Your title 'Use ASCII subset' is now at least a bit *closer* to describing what the patches are actually doing, but it's still a bit misleading because you're only doing it for *some* characters.
And the wording is still indicative of a fundamentally *misguided* motivation for doing any of this. Your commit comments should be about fixing a specific thing, nothing to do with "use ASCII subset", which is pointless in itself.
On Wed, 2021-05-12 at 14:50 +0200, Mauro Carvalho Chehab wrote:
Such conversion tools - plus some text editor like LibreOffice or similar - have a set of rules that turns some typed ASCII characters into UTF-8 alternatives, for instance converting commas into curly commas and adding non-breakable spaces. All of those are meant to produce better results when the text is displayed in HTML or PDF formats.

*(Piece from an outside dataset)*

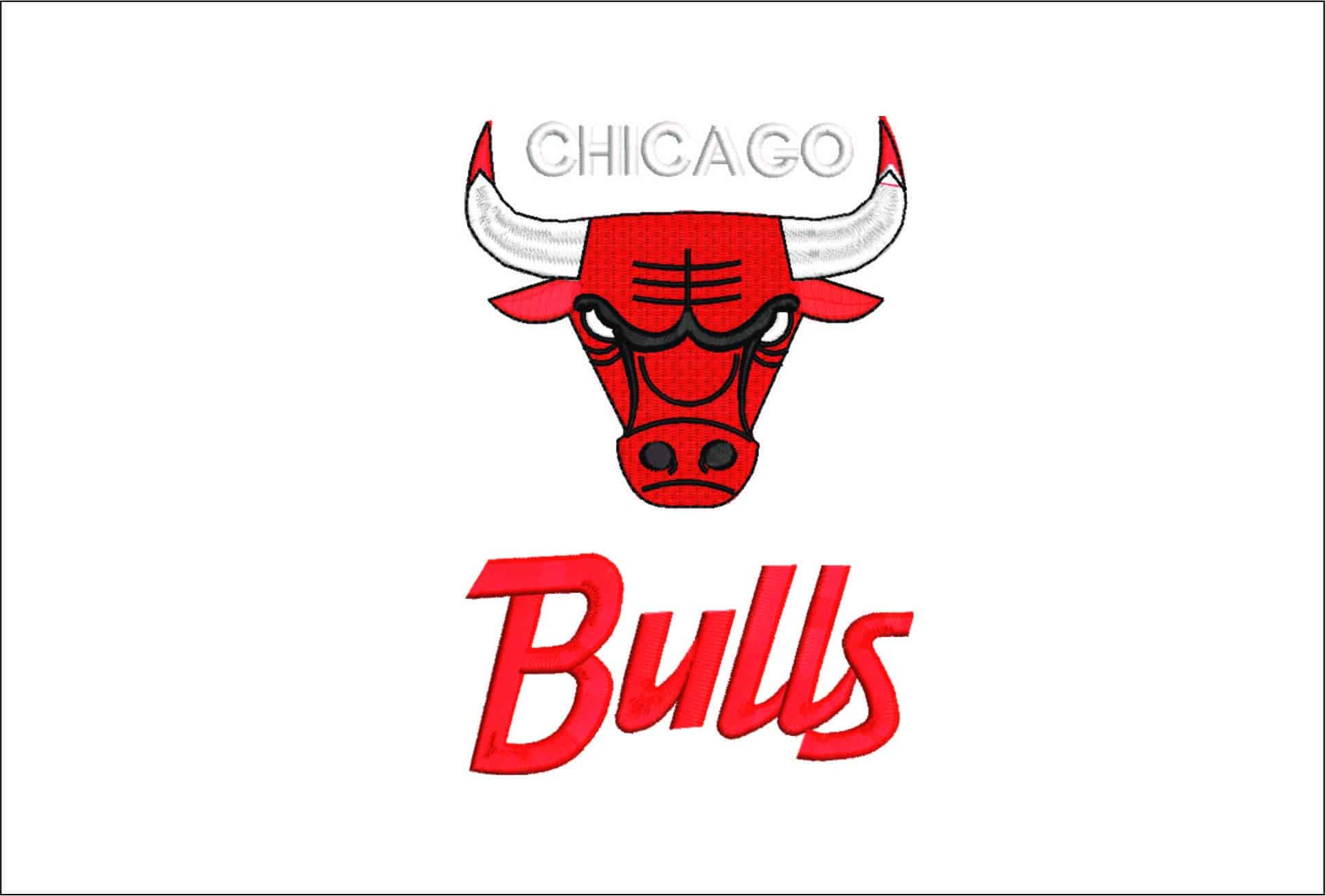 Chicago Bulls Stylish letters- Elegant embroidery design file - instant download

And don't we render our documentation into HTML or PDF formats? Are some of those non-breaking spaces not actually *useful* for their intended purpose?

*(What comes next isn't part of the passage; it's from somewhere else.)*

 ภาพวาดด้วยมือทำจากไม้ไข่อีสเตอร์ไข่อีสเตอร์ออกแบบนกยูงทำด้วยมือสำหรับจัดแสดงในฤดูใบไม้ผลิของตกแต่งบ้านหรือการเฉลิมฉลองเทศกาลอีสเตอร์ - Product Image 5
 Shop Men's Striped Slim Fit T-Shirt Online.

While it is perfectly fine to use UTF-8 characters in Linux, and specially at the documentation, it is better to stick to the ASCII subset on such particular case, due to a couple of reasons:
- it makes life easier for tools like grep;
Barely, as noted, because of things like line feeds.
- they easier to edit with the some commonly used text/source code editors.
That is nonsense. Any but the most broken and/or anachronistic environments and editors will be just fine.